I have carefully considered the evidence on record and I find that the evidence of the investigating officer, Inspector Mugunda that there was a stone wall around the compound of the deceased home did not receive any corroboration from the watchman Stephen, the house servant, Josphat and the gardener Absalom. Stephen, Josphat and Absalom were consistent that the outer fence surrounding the compound was made of Kai Apple and Wire Mesh. I will deal with this point a little later.

Mr. Amendi for the accused has urged the court to find that the investigating officer of this case, Inspector Mugunda carried out shoddy investigations into the case. The basis for this strong accusation was also given by the counsel. Learned counsel for the accused submitted that Inspector Mugunda omitted to have the scene of the crime dusted, that he never checked the accused person’s vehicle for forensic evidence, that he made no effort to recover the murder weapon and finally that he never investigated the idea that the murderers could have come from outside the compound.

Miss Mwanza learned counsel for the State did not agree with the defence. Miss Mwanza submitted that the prosecution had discharged its burden and had proved its case against the accused person. Miss Mwanza urged the court to take into consideration the explanation by Inspector Mugunda that he was assigned the case one day after the incident and that therefore he could not have been able to carry out the kind of investigations Mr. Amendi complained of.

In regard to the investigations carried out in the case I do agree partly with the submissions by Mr. Amendi that the investigations carried out into this case were not up to spot. No dusting was carried out yet there was evidence that the scene of crime personnel who normally carried out such forensic examinations visited the scene on the night in question. The need to carry out dusting must have been very obvious to the police officers who visited the scene because of the movement of electrical gadgets and furniture around the house. The movement was so obvious that the scene of crime officer who took the photographs of the scene, PC Omolo Owino, captured some of them in his photographs. For instance Photograph No. 13 captured a dining chair in the sitting room area obviously out of place.
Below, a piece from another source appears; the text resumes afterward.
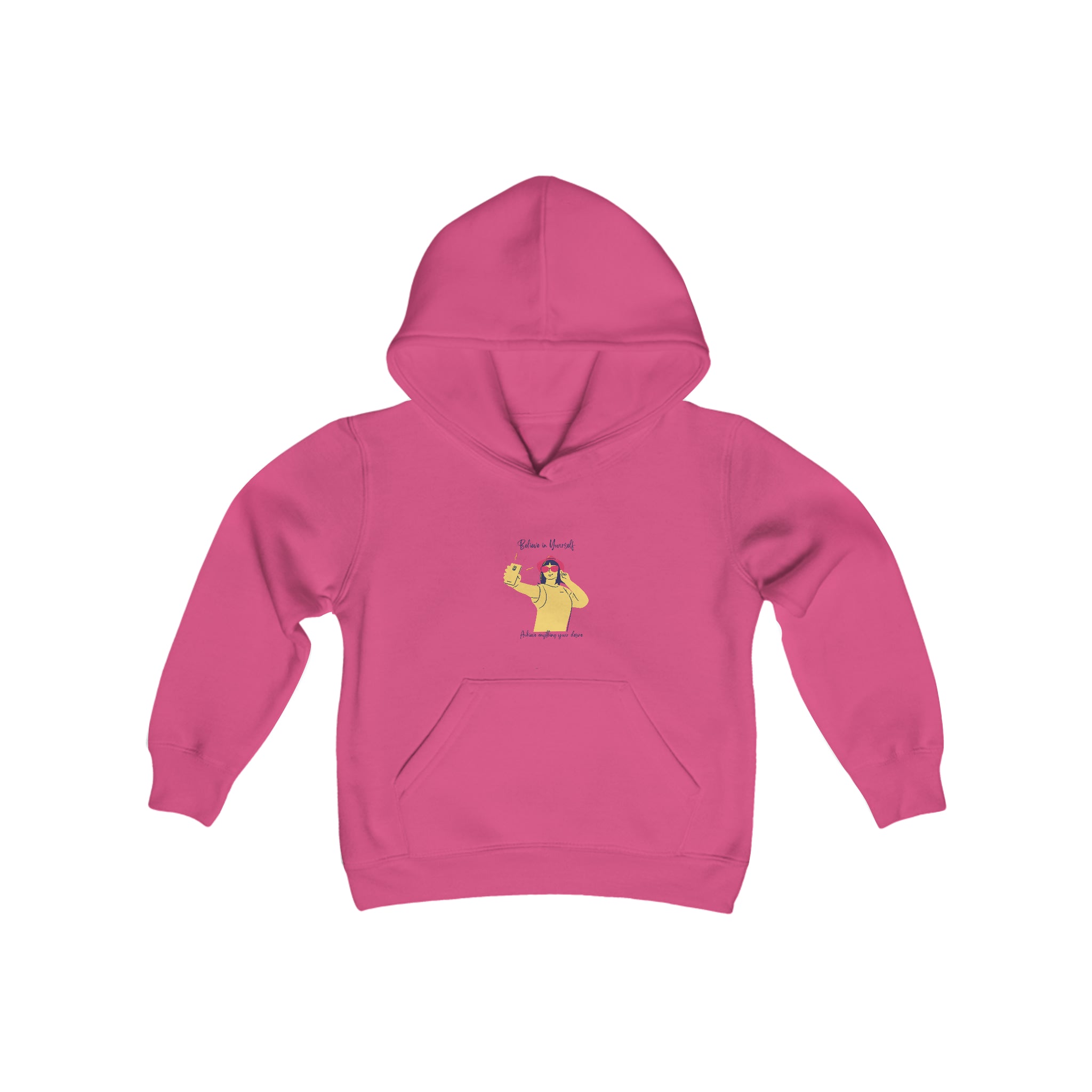 Youth girl hot pink hoodie with "Believe In Yourself Achieve anything your desire" motivational image on front.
Photograph No. 14 captured an empty space in a wall unit, with wires hanging where electrical gadgets must have been removed. Photograph No. 15 captured a hi-fi music system lying clumsily on the floor and one speaker resting on the dining table. Photograph No. 16 was for a flat screen TV on the floor of the kitchen.

It should have been very obvious to the police officers that all these gadgets ought to have been dusted for finger prints and that if any finger prints were found on those items, it could have assisted greatly in the investigations into the case. I do not however blame inspector Mugunda for this omission since he was instructed to take over investigations of the case one day after the incident and therefore obviously by the time he took over investigations the scene had been interfered with. The same applies to the omission to carry out forensic examination on the accused’s vehicle. The omission is however not fatal to the prosecution case.

Having stated the above, I must state that I was not impressed by Inpector’s Mugunda’s description of the fence in the compound of the deceased. He is the only witness who claimed that there was a stone wall around the compound which all the other witnesses especially Stephen, Josphat and Absalom, who had worked in that compound for over 7 years, were very clear that the only fence around the compound was made of wire mesh and kai apple live fence. The impression I got is that Inspector Mugunda never actually visited the fence and if he did so he was seeing his own things. Regarding the fence the three witnesses were the only ones who could be believed.

The evidence against the accused person is both direct and circumstantial. The direct evidence is to the effect that the accused went home between 8pm and 9pm on the material night. It is the prosecution case that since the deaths were discovered at around 9. 30pm or so, when the accused went home the second time, he must have been involved in the murder the first time. I will now consider what the circumstances of the case are and what in this case the State regards to be in its favour. The Court of Appeal in KARIUKI KARANJA VS REP [1986] KLR 190 stated as follows regarding circumstantial evidence:

“In order for circumstantial evidence to sustain a conviction, it must point irresistibly to the accused and in order to justify the inference of guilt on such evidence, the inculpatory facts must be incompatible with innocence of the accused and incapable of explanation upon any other reasonable hypothesis than that of guilt. The burden of proving facts justifying the drawing of that inference is on the prosecution.”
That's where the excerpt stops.